I enabled Developer Mode and USB Debugging on my phone as described on the UAD GitHub, and after plugging my phone in to my computer, I removed everything from the “Recommended” and “Advanced” category in the now-functional UAD, but I soon realized I’d nuked the default Android keyboard and hastily undid my changes, a process made quite simple with UAD’s simple UI.

I then removed just packages from the “Recommended” category next, and additionally the com.agui.update and com.agui.update.overlay packages (reported by users to be spyware, but more likely to be general bloatware – worth removing either way).

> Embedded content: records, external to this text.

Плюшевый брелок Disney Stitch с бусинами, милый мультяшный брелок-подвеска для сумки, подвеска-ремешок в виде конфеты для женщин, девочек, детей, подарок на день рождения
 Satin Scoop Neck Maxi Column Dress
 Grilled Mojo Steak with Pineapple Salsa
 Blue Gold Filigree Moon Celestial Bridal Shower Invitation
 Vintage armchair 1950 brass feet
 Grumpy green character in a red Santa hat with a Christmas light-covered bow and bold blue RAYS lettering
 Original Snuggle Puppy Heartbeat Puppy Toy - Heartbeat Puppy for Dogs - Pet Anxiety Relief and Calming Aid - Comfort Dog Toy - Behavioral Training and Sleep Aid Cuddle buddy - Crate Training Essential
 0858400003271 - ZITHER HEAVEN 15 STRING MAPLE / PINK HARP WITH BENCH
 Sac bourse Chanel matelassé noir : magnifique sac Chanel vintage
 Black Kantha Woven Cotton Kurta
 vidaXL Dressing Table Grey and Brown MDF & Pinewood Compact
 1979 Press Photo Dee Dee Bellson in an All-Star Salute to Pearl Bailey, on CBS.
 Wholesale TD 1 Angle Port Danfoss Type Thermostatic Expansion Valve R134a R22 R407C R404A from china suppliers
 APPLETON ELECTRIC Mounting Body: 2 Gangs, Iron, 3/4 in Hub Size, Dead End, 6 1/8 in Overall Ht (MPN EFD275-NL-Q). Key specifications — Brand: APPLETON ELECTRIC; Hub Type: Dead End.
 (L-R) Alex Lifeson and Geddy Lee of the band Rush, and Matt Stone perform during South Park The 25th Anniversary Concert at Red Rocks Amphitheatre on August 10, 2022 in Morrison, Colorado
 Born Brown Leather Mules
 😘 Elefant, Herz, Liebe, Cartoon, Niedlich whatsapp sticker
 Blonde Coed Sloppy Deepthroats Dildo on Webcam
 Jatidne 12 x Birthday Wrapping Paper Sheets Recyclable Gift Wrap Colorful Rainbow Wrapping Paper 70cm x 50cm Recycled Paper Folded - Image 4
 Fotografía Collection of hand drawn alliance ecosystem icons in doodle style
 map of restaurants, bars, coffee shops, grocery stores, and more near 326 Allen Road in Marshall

I then installed replacements for the default apps using F-Droid, including (but not limited to) Fossifys Messages, Gallery and Phone, VLC, Newpipe, Open Camera, and FlorisBoard.

outcome

Neat, way fewer packages! The phone works as well as always. Some more small utilities I didn’t realize were missing had to be reinstalled or otherwise replaced (<- in a more FOSS manner!).

S’all

Overall, I’d recommend using UAD to make it very easy to remove and reinstate bloat packages. It works well and I enjoy getting to choose what runs on my phone, even if Unihertz isn’t uniquely evil or even if none of the original vendor-provided apps were malicious to begin with.

As for the subject of this post, the Jelly Star, it is excellent if you want the smallest of small. Obviously, if you’re not looking for an out-of-the ordinary phone that starts many conversations and incites many chuckles, the Small J wouldn’t suit you much.

But for me, it’s been nothing short of perfect…

… So anyway, I’ve switched to a more recent iPhone that was destined for the cupboard. I hope you enjoyed this review, a field report from the dumbphone underground, the most recent page in my Wayland troubleshooting diary and my latest Fish Shell fanfic.